▶ [EXERCISE INPUT]:
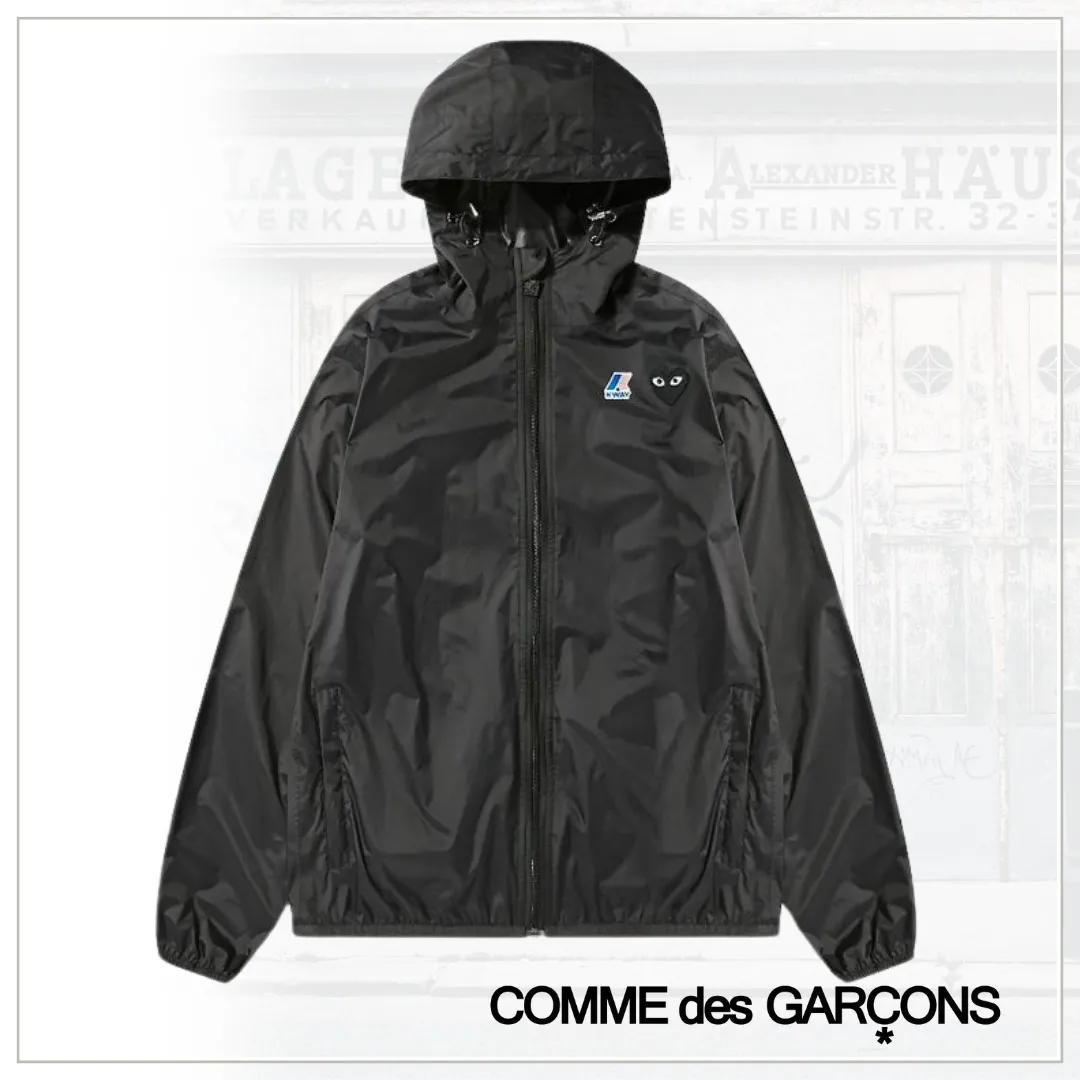 PLAY COMME des GARCONS  |Unisex Street Style Oversized Logo Skater Style Hoodies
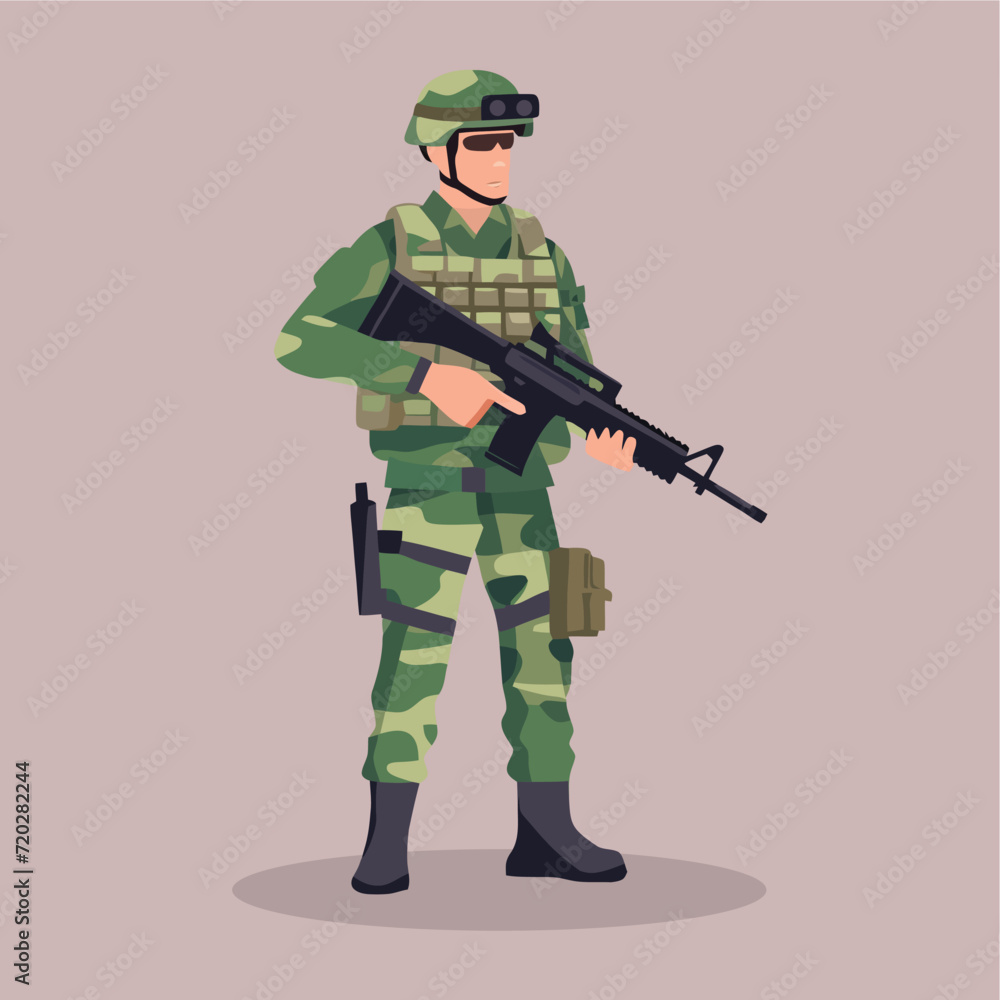 vector flat male military illustration vector flat male military illustration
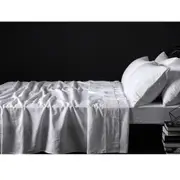 100% Linen White Sheet Set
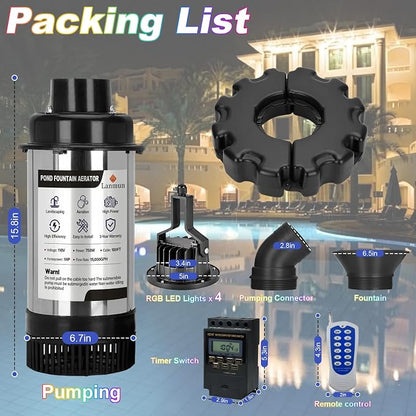 Pond Fountain Aerator, with 4 RGB Lights 1HP 110V 15000 GPH Pond Fountain Pump with Lights, Fully Automatic Lake Floating Fountain, 100 FT Power Cord, Pond Fountains for Large Ponds Lake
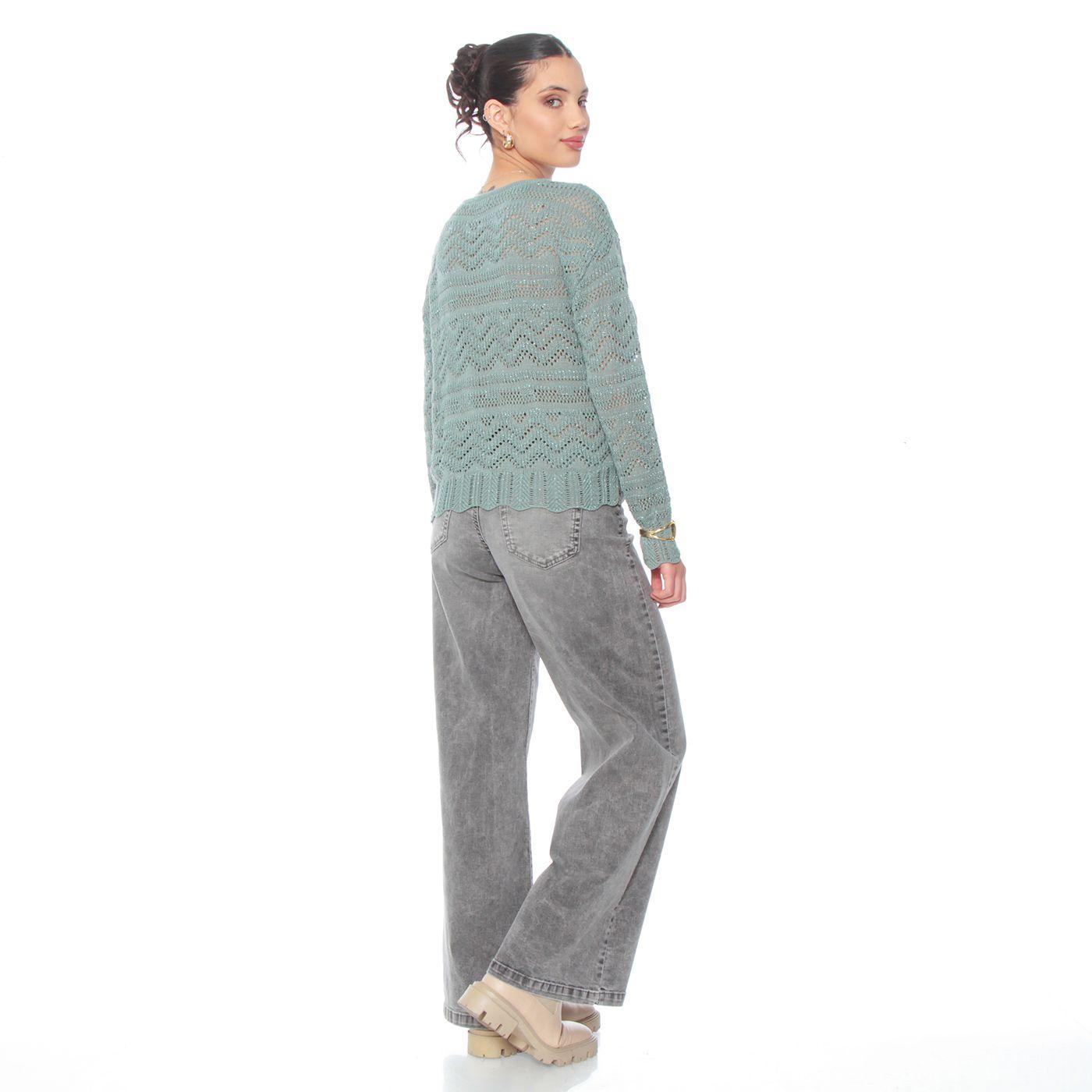 Sweater Manga Larga Con Lurex  Escote Redondo-6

▶ [TASK TO COMPLETE]: Retype the whole listing exactly. Do not include the pictures.

▶ [REPLY TO THE TASK]:
 PLAY COMME des GARCONS  |Unisex Street Style Oversized Logo Skater Style Hoodies
 vector flat male military illustration vector flat male military illustration
 100% Linen White Sheet Set
 Pond Fountain Aerator, with 4 RGB Lights 1HP 110V 15000 GPH Pond Fountain Pump with Lights, Fully Automatic Lake Floating Fountain, 100 FT Power Cord, Pond Fountains for Large Ponds Lake
 Sweater Manga Larga Con Lurex  Escote Redondo-6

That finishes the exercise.